21.5 Sustainable and Efficient Search¶
Energy Cost of Vector Search¶
At datacenter scale (billions of queries/day), vector search energy consumption is non-trivial. Research directions:
- Cascade search: Binary quantization → SQ4 → full precision (3-stage)
- Early termination: Stop when result quality is "good enough"
- Workload-aware scheduling: Batch queries for GPU efficiency
- Near-data processing: Reduce data movement
21.6 Apache Iceberg as a Vector Storage Layer¶
The Problem with Proprietary Storage Formats¶
Every vector database today invents its own internal file format for segments, indexes, and metadata. Milvus has its own binary format, Qdrant stores segments differently, and Weaviate has yet another layout. This means your data is locked in. If you want to migrate from Milvus to Qdrant, you must fully export, re-embed, and re-ingest everything—a process that can take days for billion-scale datasets.
What is Apache Iceberg?¶
Apache Iceberg is an open table format originally designed by Netflix for massive analytical data lakes. It sits on top of commodity object storage (S3, GCS, Azure Blob) and provides:
- Schema evolution: Add or remove columns (including embedding columns) without rewriting existing data files.
- Time-travel queries: Query the state of your vector index as it was at any historical snapshot (e.g., "What did my embeddings look like last Tuesday?").
- Partition evolution: Change how your vectors are physically partitioned across files without a full data migration.

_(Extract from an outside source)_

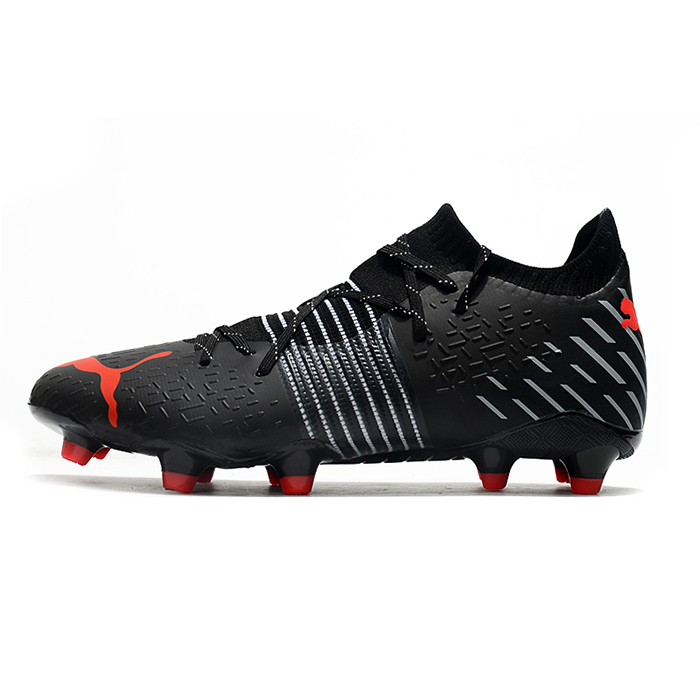 Future Z 1.1 Lazertouch MG Soccer Shoes-Black/Red-7769394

- ACID transactions: Concurrent writers can safely insert and compact segments without corrupting the table.
How to Use Iceberg When Building a Vector DB¶
If you are designing a vector database from scratch, instead of inventing a proprietary segment format, you can use Iceberg as your universal storage layer:
- Vector Table Schema: Define an Iceberg table with columns like
id BIGINT,embedding FIXED_SIZE_BINARY(3072)(for 768 × f32), andmetadata STRING. - Segment Flushing: When your in-memory buffer is full (see Chapter 7 Assignment), instead of writing a custom
.binsegment file, write a Parquet data file registered in the Iceberg catalog. Each "segment" becomes an Iceberg partition. - Compaction as Iceberg Maintenance: The compaction thread from Chapter 9 maps directly to Iceberg's built-in
rewrite_data_filesoperation, which merges small files and removes tombstoned rows. - Interoperability: Because Iceberg is an open standard, your users can query the raw vector data directly using Spark, Trino, DuckDB, or Polars without going through your database's proprietary API. This is incredibly powerful for data science workflows.
flowchart LR
subgraph YourVectorDB ["Your Custom Vector DB"]
WAL[Write-Ahead Log] --> Buffer[In-Memory Buffer]

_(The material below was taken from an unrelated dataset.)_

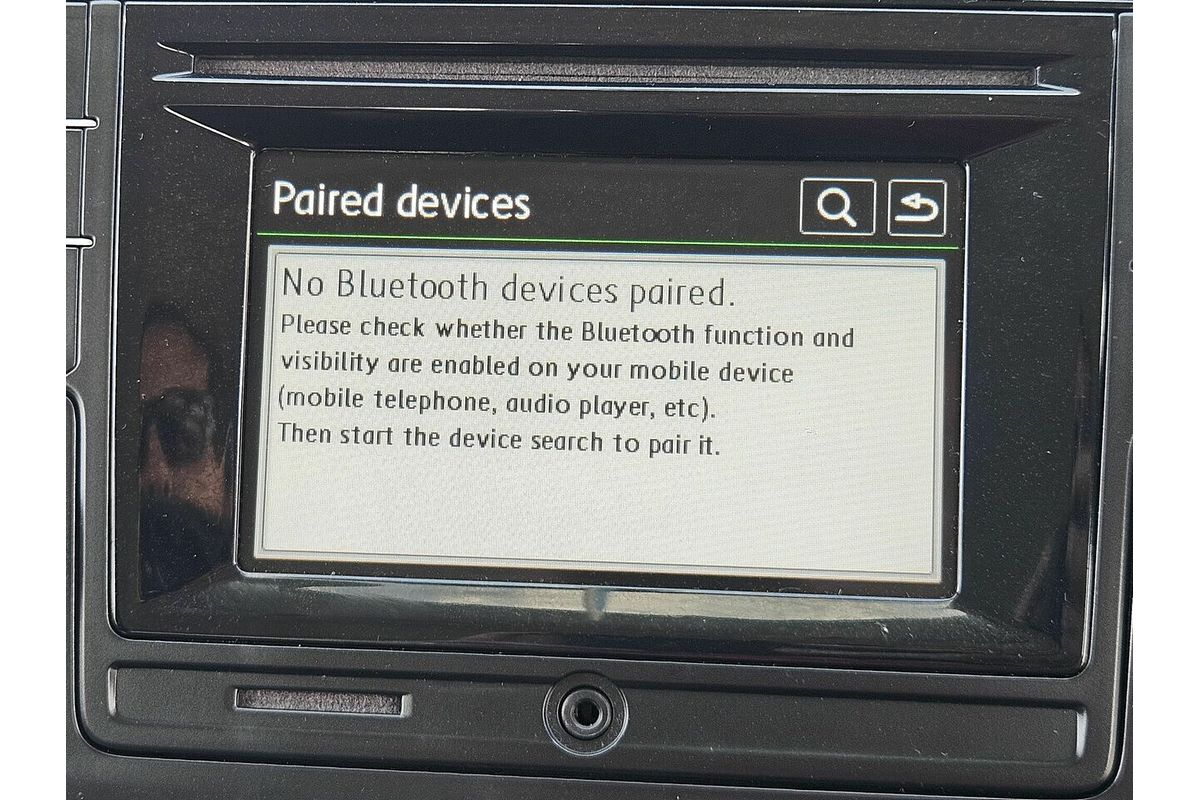 2015 Volkswagen Polo 66 TSI Trendline 6R MY15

Buffer --> |Flush Segment| Iceberg
QE["Query Engine<br/>HNSW Search"] --> |Read Vectors| Iceberg
end
subgraph Iceberg ["Apache Iceberg Table (Open Format)"]
Catalog[("Iceberg Catalog<br/>Nessie / Hive")]
S3[("Object Storage<br/>S3 / GCS / MinIO")]
Catalog --> S3
end
subgraph External ["External Analytics (No Lock-In)"]
Spark[Apache Spark]
DuckDB[DuckDB]
Polars[Polars]
end
Iceberg --> Spark
Iceberg --> DuckDB
Iceberg --> Polars
style YourVectorDB fill:#e3f2fd,stroke:#1e88e5
style Iceberg fill:#fff3e0,stroke:#f57c00
style External fill:#e8f5e9,stroke:#4caf50
LanceDB is already pioneering this approach. Its Lance format is conceptually very similar to an Iceberg table optimized for vector workloads. The industry is converging towards open table formats as the universal storage substrate.
21.7 ADBC (Arrow Database Connectivity) for Vector Interchange¶
The Problem with Custom Clients¶
Every vector database ships its own Python/Rust/Go SDK with its own serialization format. If you want to bulk-load 50 million embeddings from a pandas DataFrame into Milvus, the SDK serializes each row into JSON or Protobuf, sends it over gRPC, and the server deserializes it back into floats. This serialization overhead dominates ingestion time for large datasets—often more time is spent packing/unpacking data than actually building the index.
What is ADBC?¶
ADBC (Arrow Database Connectivity) is a new database-agnostic API standard built on top of Apache Arrow, the universal in-memory columnar format. Think of it as a modern replacement for ODBC/JDBC, but designed for columnar, high-throughput analytical workloads instead of row-by-row transactional systems.
The critical innovation is zero-copy data exchange. Because Arrow defines a standardized memory layout for arrays of floats, a client can hand a massive Arrow RecordBatch of 1 million embedding vectors directly to the database driver without any serialization or deserialization whatsoever. The database receives a pointer to the exact same memory the client was using.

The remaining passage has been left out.